A simple electrochemical genosensor based on polythiophene acetic acid film for detection of Schistosoma mansoni

Schistosoma mansoni infection and other neglected diseases pose significant challenges in diagnosis and treatment, particularly in resource-constrained regions. Despite being useful, traditional techniques lack sensitivity, offering frequent false-positive results, highlighting the emergence of innovative tools such as genosensors as a promising solution to this dilemma. In this work, we developed a simple electrochemical biosensor platform based on electropolymerized films of polythiophene acetic acid (PTAA) and a specific DNA probe for the detection of S. mansoni. Electrochemical impedance spectroscopy (EIS), cyclic voltammetry (CV), and atomic force microscopy (AFM) were used to assess the assembly process of the genosensor, as well as to evaluate biodetection assays.
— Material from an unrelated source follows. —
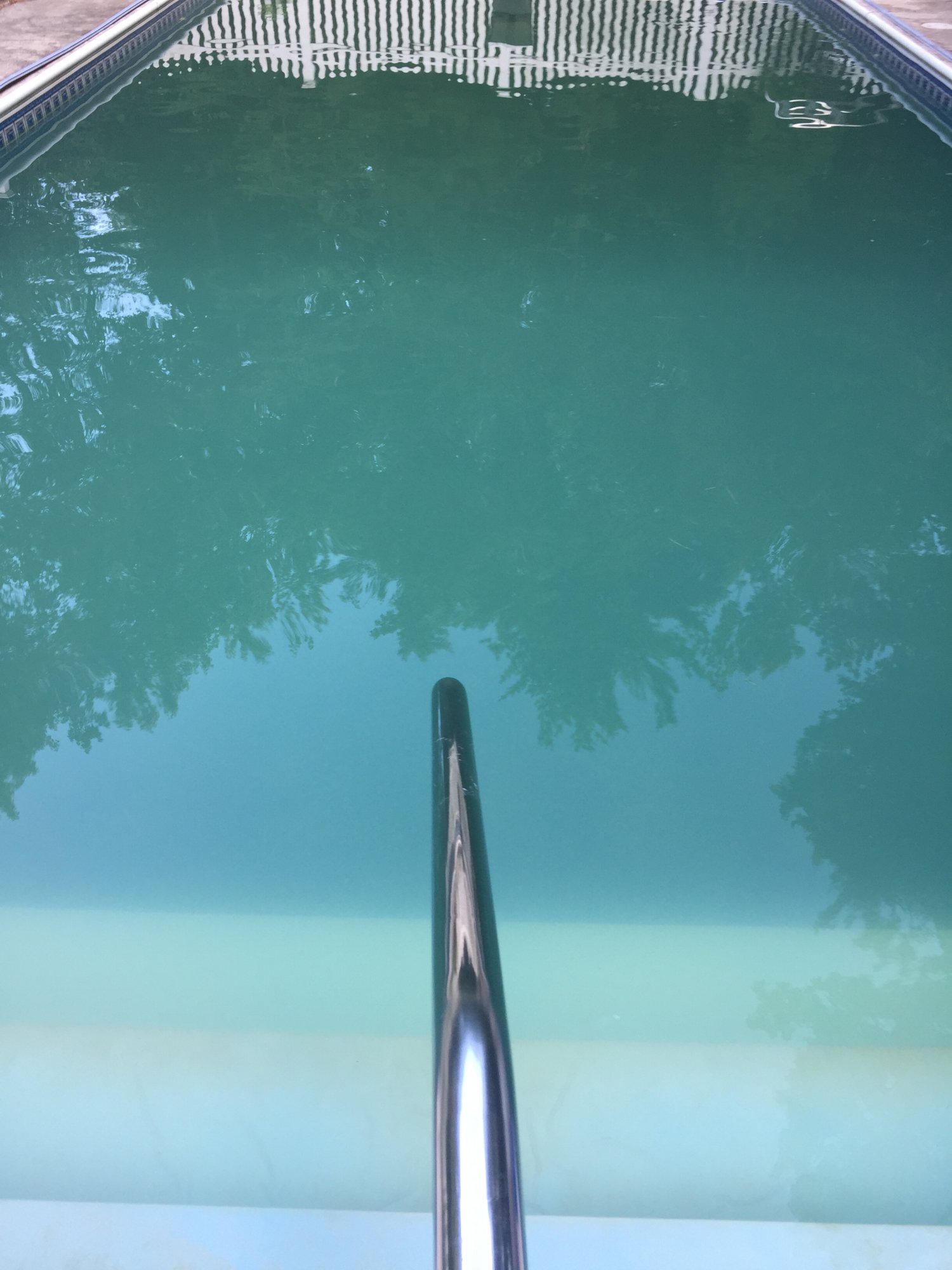 8:18 pool.JPG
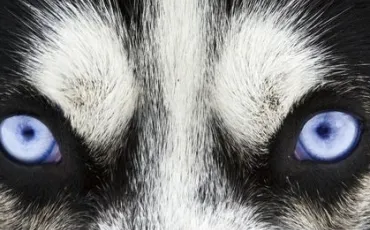 Quiz Animaux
The developed biosensor was found to be effective in detecting the target analyte in pure and complex samples such as cerebrospinal fluid, urine, and plasma from infected patients at different concentrations. CV and EIS were extremely useful in the evaluation of the detection process based on the electron kinetics and charge transfer resistance (R_CT) in the interface of the biosensor, where the hybridization with the target single-stranded S. mansoni DNA resulted in the variation of these parameters. The genosensor exhibited high sensitivity and selectivity, with a limit of detection of 0.451 pg.μL⁻¹. As genosensors continue to evolve, they promise to revolutionize the field of neglected disease management, providing hope for improved healthcare outcomes worldwide.